You need look no further than your average romantic comedy or the Twilight franchise for evidence of this. And as much as I loathe to mention it in the same paragraph, even Jane Austen’s novels could be considered partly to ‘blame’ for the over-emphasis on marriage – although I would argue that Austen’s novels are complex and measured enough that the end-game of marriage does not make up the sole or even the primary focus of the story. Usually, they are about the heroine overcoming whatever faults she has at the start of the novel (including over-romanticisation, funnily enough) to learn and grow as a human being.
And while Twilight and rom-coms fall more in the teen and adult category, I can think of several family films that included a strong focus on romance/marriage; Ever After, Little Women, Willow, even Chitty Chitty Bang Bang to an extent. I’m not denigrating any of these movies – I love each and every one of them. But I also hold them partly responsible for my own obsession with falling in love and getting married.
Nor am I arguing that movies, even family movies like these, shouldn’t end with a and they all lived happily ever after. The reason so many movies end this way is because it works. It makes sense.
And the reason this message sticks is because it speaks to the core of women’s hearts: the desire to love and to be loved for who we are.
However, a lot of the romantic notions I gleaned from many of these films, as well as books and music, had to be dispelled – sometimes in very brutal ways.
For example, I’m no longer convinced by the concept of “the one”, or that because the man in question says or does something you’ve always dreamed about, it must mean something – it’s often just pure coincidence.
It’s also worth mentioning that a lot of adapted films do a disservice to the stories they’re based upon by, again, overemphasising marriage and romance to the detriment of other important messages.
I feel I need to clarify that I don’t support Disney’s recent 180 in films like Frozen or Maleficent, in which the House of Mouse seems determined to upend its traditional focus on romantic relationships and happily ever after via marriage, either.
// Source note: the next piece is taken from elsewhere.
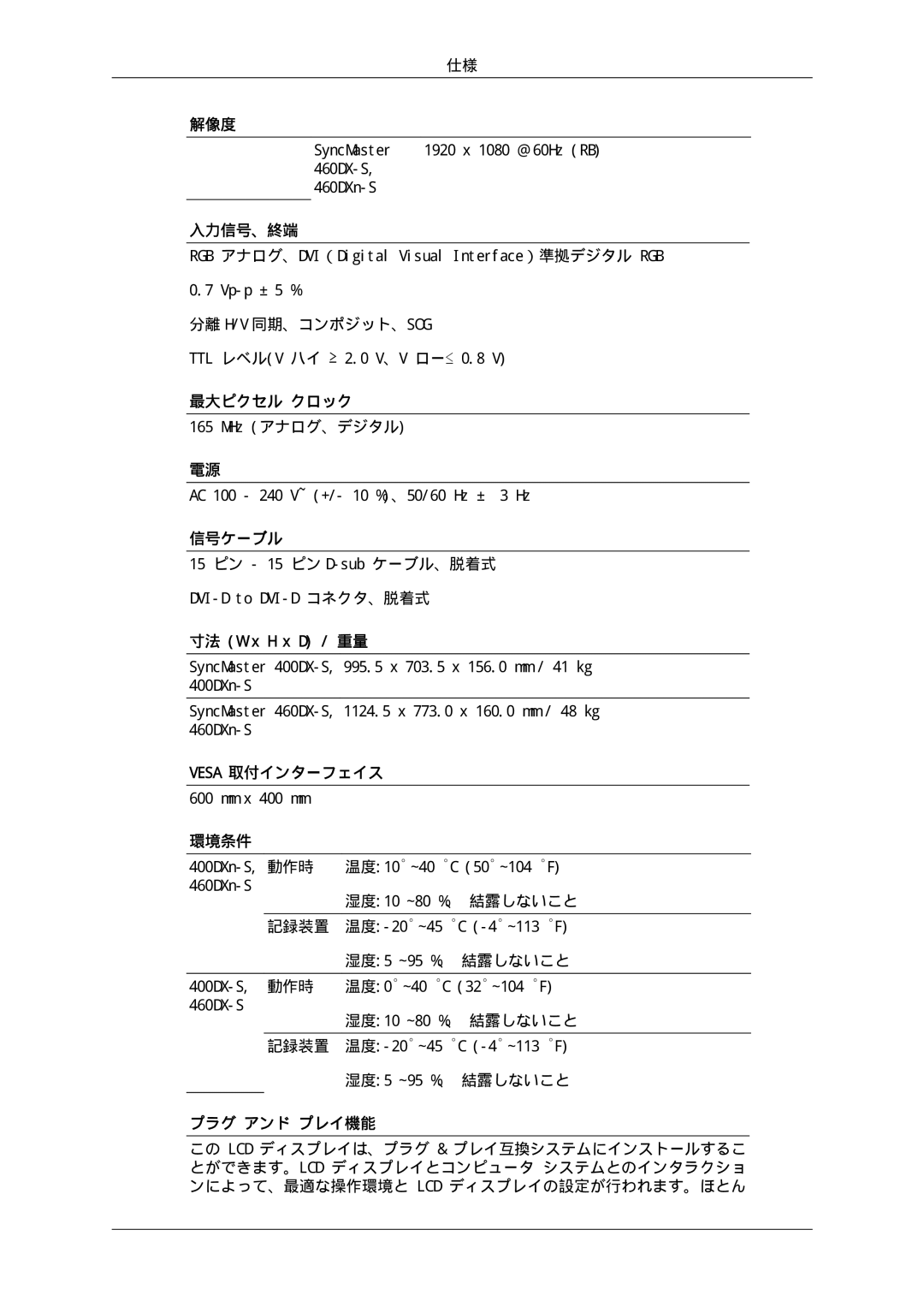 Samsung LH46SOTMBC/XJ, LH46SOUQSC/XJ 入力信号、終端, 最大ピクセル クロック, 信号ケーブル, 寸法 W x H x D / 重量, Vesa 取付インターフェイス, 環境条件, プラグ アンド プレイ機能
This new direction just seems too forced and part of Disney’s increasingly left-leaning stance, which appears opposed to tradition and classic familial norms, period.
Generally speaking, I love Disney movies; many hold a very special place in my heart and always will. And yet I must acknowledge that they played a significant role in my rose-coloured view of the world, in giving me unrealistic ideas about marriage, love and over-romanticising things in general.
However, I picked up this message in other movies shows, books and songs as well.
So what’s the solution? Don’t show our children any romantic films? Never read them fairy tales?
Obviously that’s extreme. However, I do think parents should be mindful and even restrictive of how much on-screen (G-rated) romance children are exposed to. So far my nieces (6 and 4) haven’t seen any full-length Disney films other than Mary Poppins, which is probably a very good thing.
While I loved watching all those movies as a little girl, and then as a teenager, there’s no doubt the unrealistic notions they imparted caused me no small amount of suffering when I was old enough to be in relationships.
In hindsight, I wish I hadn’t started thinking about all this so soon – getting excited about the idea of boys so early took away some of the childish innocence I might otherwise have had.
And while not everyone is as romantically-inclined as I am and might not take all of this so much to heart, it is apparent that enough young women and girls have over-romanticised ideas about what marriage, love and relationships actually are that there seems to be a problem.
Is Disney to blame for this? Absolutely.
How much? Unclear – but it seems unrealistic not to take into account the swathe of other films, TV shows and cultural influences as well.